I'm partial to Cyrus. With it's Murder system (which I haven't used),
the front end box(es) cleanly proxy IMAP/POP to the right storage
system. LMTP injection too for that matter. You would be able to
completely disassociate MXing with storage. Note that this provides
clustering for (horizontal) scalability only - not for reliability. To
quote them "Note that Cyrus Murder is still relatively young in the
grand scheme of things, and if you choose to deploy you are doing so at
your own risk.". OTOH, you are comparing it to a custom solution. That
Cyrus is a "magic box" may or may not be a good thing. Tight integration
with Sieve may or may not be a good thing. It can inherently understand
virtual domains, which almost definitely is a good thing.
NFS (or AFS, or Coda), I think would be slower then Cyrus-IMAP/Murder,
even if you didn't have the locking issues. NFS would be blindly
ignorant of what is passing around, whereas Cyrus would do any thinking
on the machine that the disks are on.
> Then for Horde, we could have a cluster of web servers, sessions being
> stored in the
> database, and each server being identical for a horde setup. Maybe horde
> could even
> be stored on one of the NFS mounts to make for a single distribution for the
> Horde config.
> Anyways, round robin DNS again. These web servers would speak IMAP with the
> mail servers and SQL to the database server.
I would dust off a P200 or two, and slap
http://www.linuxvirtualserver.org/ on it for load balancing (with
persistence) and store sessions using plan 'ol PHP, and consider putting
its session.save_path on tmpfs. Keeping session data all in memory on
the right web server would, I'm sure, be a massive speed improvement.
LVS would also provide a level of high availability as well. RRDNS
sounds good, but it means at least a 5 second lag if a box dies. With
numbers like "9 seconds" thrown around as the Mean Time For Users To Get
Pissed At The Page For Not Loading, you don't have much room when there
is a failure. At worst, if a real server fails, then its users would
have to log in again.
> That brings me on to the DB server, I hadn't thought about what happens when
> the
> DB server needs more juice. I know I coudl master/slave MySQL, but how do I
> control writes, can Horde be told to write to one place and read from
> another?
MySQL claims that replication in a circular master/slave relationship is
OK, but may confuse particular SQL clients. I think that since most
rows in a given table would only ever be touched by a single user, and
it is reasonably safe to assume a user is only using their account once
at any given time and with persistence they will always get the same web
server, if each web server uses the same DB server, things should be OK.

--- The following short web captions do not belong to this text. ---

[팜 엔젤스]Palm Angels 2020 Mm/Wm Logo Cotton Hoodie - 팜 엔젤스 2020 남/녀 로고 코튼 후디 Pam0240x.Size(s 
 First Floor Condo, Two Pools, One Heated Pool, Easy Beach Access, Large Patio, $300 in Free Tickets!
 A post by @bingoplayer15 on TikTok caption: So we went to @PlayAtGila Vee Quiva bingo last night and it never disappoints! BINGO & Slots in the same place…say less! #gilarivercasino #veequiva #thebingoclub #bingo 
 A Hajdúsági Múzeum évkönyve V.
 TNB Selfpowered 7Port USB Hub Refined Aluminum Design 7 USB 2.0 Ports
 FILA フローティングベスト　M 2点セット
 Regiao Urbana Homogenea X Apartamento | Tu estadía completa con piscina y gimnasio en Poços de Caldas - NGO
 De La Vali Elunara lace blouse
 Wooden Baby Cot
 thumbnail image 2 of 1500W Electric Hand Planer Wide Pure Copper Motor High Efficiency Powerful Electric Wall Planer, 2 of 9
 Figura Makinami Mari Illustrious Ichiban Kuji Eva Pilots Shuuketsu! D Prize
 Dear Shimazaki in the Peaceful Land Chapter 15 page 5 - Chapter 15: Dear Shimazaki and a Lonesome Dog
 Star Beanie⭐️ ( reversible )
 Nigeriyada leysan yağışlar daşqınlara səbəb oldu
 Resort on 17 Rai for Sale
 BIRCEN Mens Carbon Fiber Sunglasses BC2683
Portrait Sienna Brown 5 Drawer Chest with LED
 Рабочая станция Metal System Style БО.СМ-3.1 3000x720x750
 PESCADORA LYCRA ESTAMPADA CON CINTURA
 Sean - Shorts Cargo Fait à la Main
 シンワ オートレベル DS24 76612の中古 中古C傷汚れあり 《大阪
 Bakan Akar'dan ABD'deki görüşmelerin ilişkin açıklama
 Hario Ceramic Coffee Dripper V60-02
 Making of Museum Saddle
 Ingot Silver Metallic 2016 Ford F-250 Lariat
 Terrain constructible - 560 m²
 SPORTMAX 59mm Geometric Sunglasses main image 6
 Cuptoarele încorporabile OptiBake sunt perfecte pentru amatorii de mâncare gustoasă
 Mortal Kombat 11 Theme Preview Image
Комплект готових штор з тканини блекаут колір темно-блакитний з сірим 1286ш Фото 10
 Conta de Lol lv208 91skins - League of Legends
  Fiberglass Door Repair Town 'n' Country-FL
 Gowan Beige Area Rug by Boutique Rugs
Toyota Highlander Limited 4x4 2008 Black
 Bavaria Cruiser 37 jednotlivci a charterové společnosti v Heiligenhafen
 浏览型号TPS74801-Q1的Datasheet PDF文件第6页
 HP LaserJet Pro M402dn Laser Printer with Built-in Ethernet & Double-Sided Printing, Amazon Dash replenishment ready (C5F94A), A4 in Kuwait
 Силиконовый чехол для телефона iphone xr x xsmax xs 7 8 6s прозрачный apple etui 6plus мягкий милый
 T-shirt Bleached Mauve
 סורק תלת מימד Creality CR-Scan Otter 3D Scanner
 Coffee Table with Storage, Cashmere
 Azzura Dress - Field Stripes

A lot of ifs. I don't know what happens when (not if) one of the DB
servers crashes and the circle is broken.
Also, have you considered using LDAP for storing user accounts, mail
aliases, etc? For that matter, for Horde prefs in general? While
OpenLDAP replication is also only one way, the PHP docs seem to imply
that it will (automatically) chase referrals, so the DB
write-to-the-right-place problem wouldn't be. I think that there is also
a significant advantage to being able to nuke all of a users data at
once (well, save for mailboxes), rather then through
passwd/shadow/group, MySQL... Furthermore, OpenLDAP should be able to
be configured to have a sufficient cache big enough that the relevant
objects for all logged in users will be in memory. I don't know how
smart MySQL (or any other RDBMS is) with per-row caching.